Severity mapping assigns a severity level to guardrail categories when a finding is discovered. This enables you to adjust the urgency of flagged issues to align with your internal risk tolerance and security policies. Available severity levels from most to least severe are:

  • Critical
  • High
  • Medium
  • Low
  • Info
JSON
"severity_mapping": {
  "jailbreak": "critical",
  "toxicity": "high",
  "secret": "critical",
  "pii/email": "medium",
  "pii/credit_card": "high",
  "pii/phone": "medium",
  "pii/ip_address": "low",
  "pii/ssn": "critical",
}

Note

PII guardrails support subcategories (such as pii/email, pii/credit_card, or pii/ssn) that can each be assigned a different severity level, giving you granular control over how different types of personal data are treated.

Triggers

Triggers define the enforcement action when a finding meets a severity threshold:

  • Block – Stops the message entirely, preventing it from being sent or delivered.
  • Redact – Masks the detected sensitive content while allowing the rest of the message to pass.
JSON
"triggers": [
  {
    "type": "redact",
    "name": "Redact medium and above",
    "severity": "medium"
  },
  {
    "type": "block",
    "name": "Block critical findings",
    "severity": "critical"
  }
]

Important

Block triggers take precedence over redact triggers. If a message matches both a block and a redact trigger, the message is blocked.

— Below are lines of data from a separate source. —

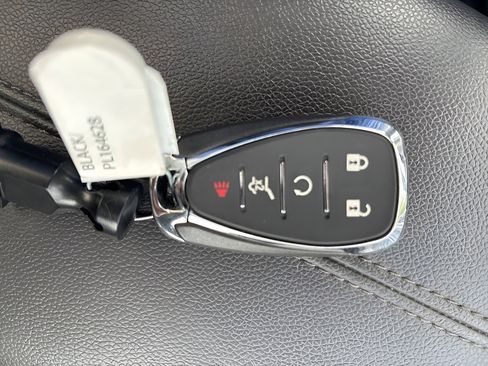 Used 2023 Chevrolet Equinox Premier AWD/4WD image 27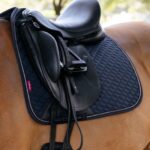 LeMieux SS26 Brilliance dressurunderlag navy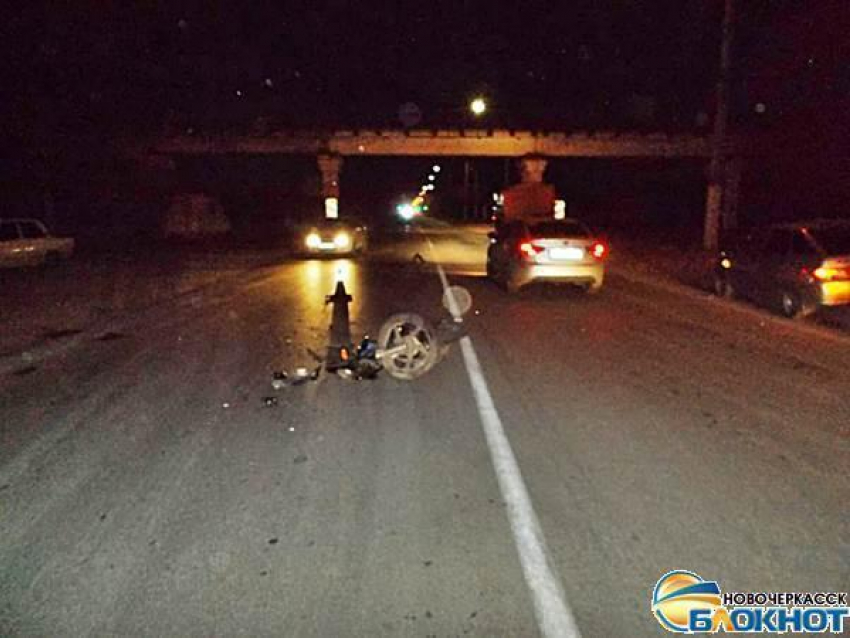В Новочеркасске иномарка сбила трех человек на скутере. ВИДЕО
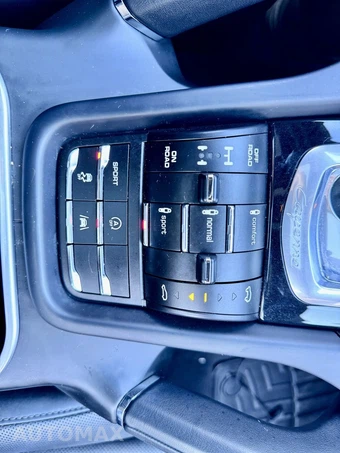 2014 Porsche Cayenne Turbo S - miniatura 83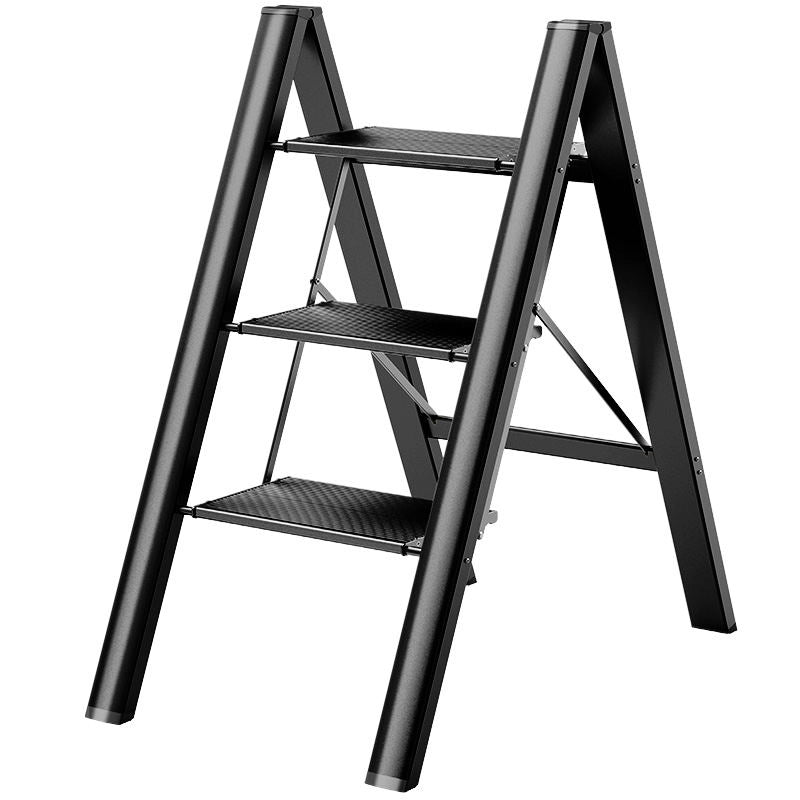 Scala pieghevole a 3 gradini in alluminio nera con pedane antiscivolo capacità 150 kg per pulizia e riordino domestico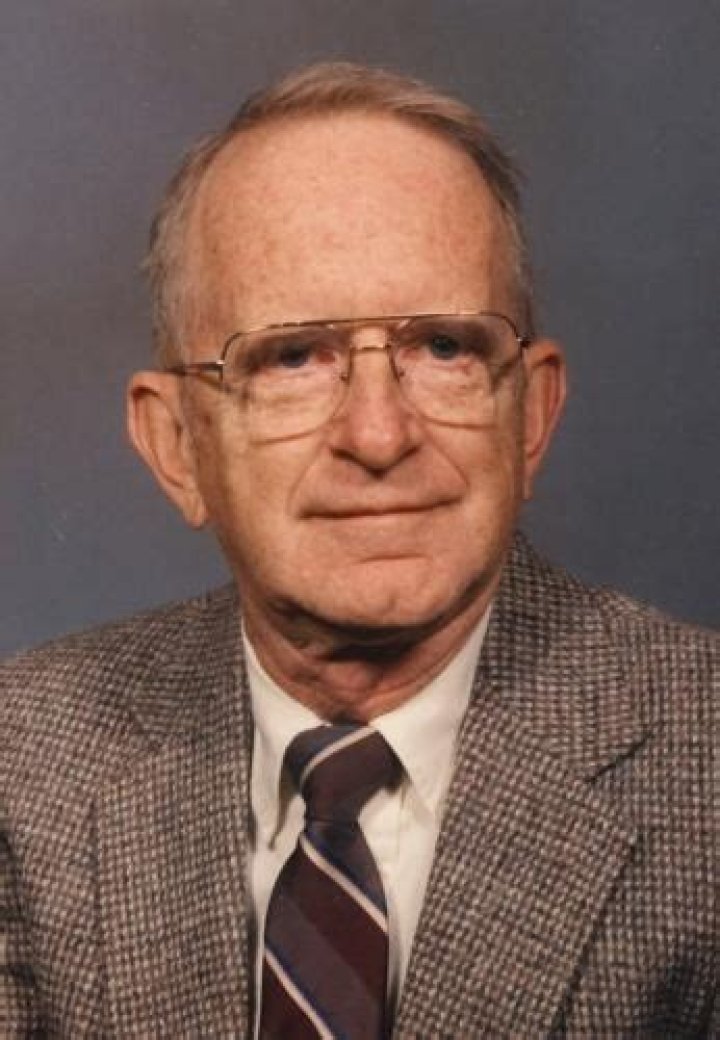 In Memory Of Paul Maxwell: A Cherished Obituary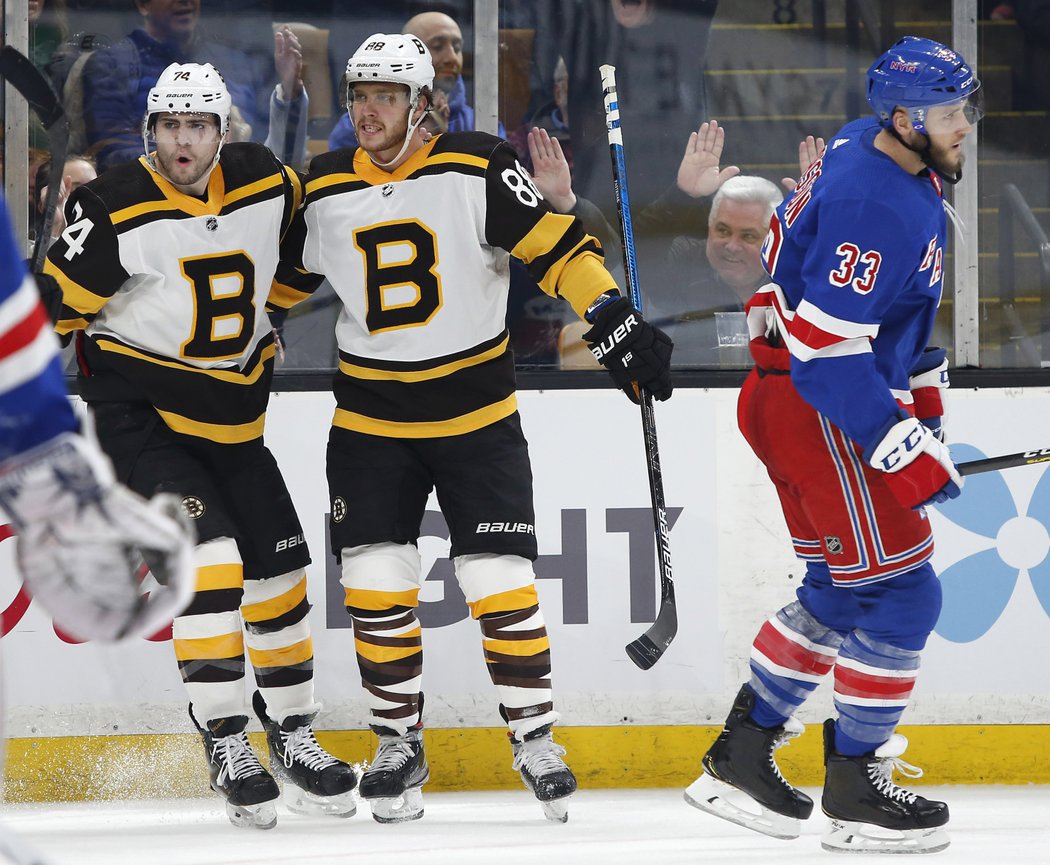 David Pastrňák zařídil ve středečním utkání NHL třemi góly a dvěma asistencemi výhru Bostonu 6:3 nad New Yorkem Rangers.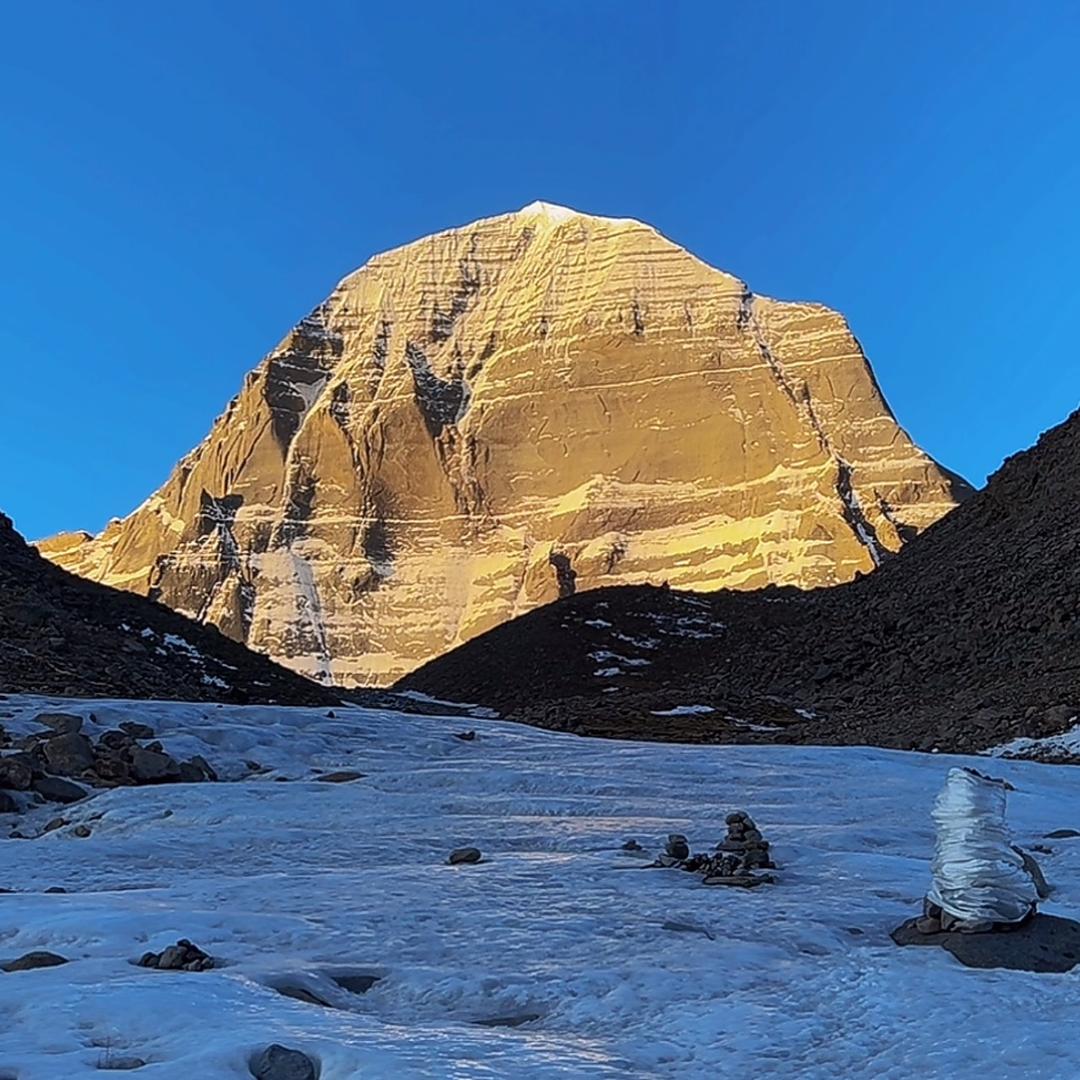 一个爱抽烟的女人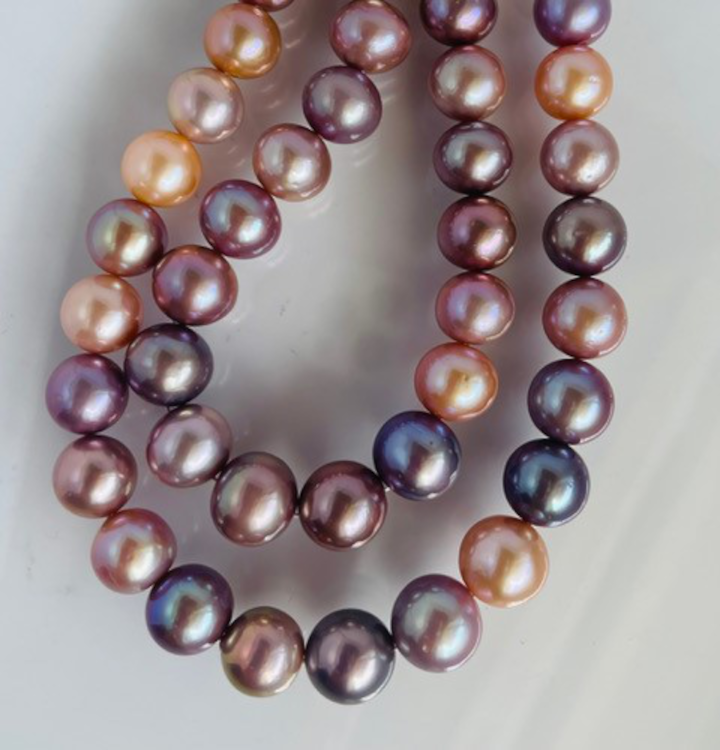 King's Ransom peach, mauve and lavender freshwater pearls set in double strand necklace. Photo: King’s Ransom.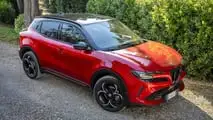 Alfa Romeo x Alcantara Werksbesuch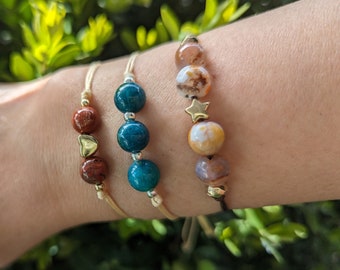 Mooie macramé armbanden met edelstenen in verschillende kleuren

For example, given a block trigger at critical and a redact trigger at medium, the effective behavior is:

Severity Action
Critical Blocked
High Redacted
Medium Redacted
Low Allowed

Example

The following example policy applies jailbreak, PII, and secrets guardrails to user input, and toxicity and PII guardrails to LLM output. Critical findings are blocked, and findings at medium severity or above are redacted:

JSON
{
  "id": "production_policy",
  "name": "Production Guardrail Policy",
  "detectors": {
    "user": [
      { "type": "jailbreak", "name": "Jailbreak detection" },
      { "type": "pii", "name": "PII filter (input)" },
      { "type": "secret", "name": "Secrets scanner" }
    ],
    "assistant": [
      { "type": "toxicity", "name": "Toxicity filter" },
      { "type": "pii", "name": "PII filter (output)" },
    ]
  },
  "severity_mapping": {
    "jailbreak": "critical",
    "toxicity": "high",
    "secret": "critical",
    "pii/email": "medium",
    "pii/credit_card": "high",
    "pii/phone": "medium",
    "pii/ip_address": "low",
    "pii/ssn": "critical",
  },
  "triggers": [
    {
      "type": "redact",
      "name": "Redact medium and above",
      "severity": "medium"
    },
    {
      "type": "block",
      "name": "Block critical findings",
      "severity": "critical"
    }
  ]
}

Activate policies on the gateway

Only one policy can be active at a time. Activating a new policy automatically replaces the previous one.

The AI Gateway retrieves the active policy in one of two ways, depending on the WEB_API_BASE_URL variable in the gateway’s .env file:

  • Remote (default) – The gateway fetches the active policy from your AQG instance using WEB_API_BASE_URL and WEB_API_KEY.
  • Local – If WEB_API_BASE_URL is left blank, the gateway loads policies from a local project_db.json file on the gateway host. This is useful for air-gapped environments or testing.

Important

The gateway loads its policy at startup. After switching the active policy in AQG, restart the gateway for the change to take effect. Refer to Safe policy switching for the recommended procedure.

To manage policies in the AQG console, refer to Managing guardrail policies.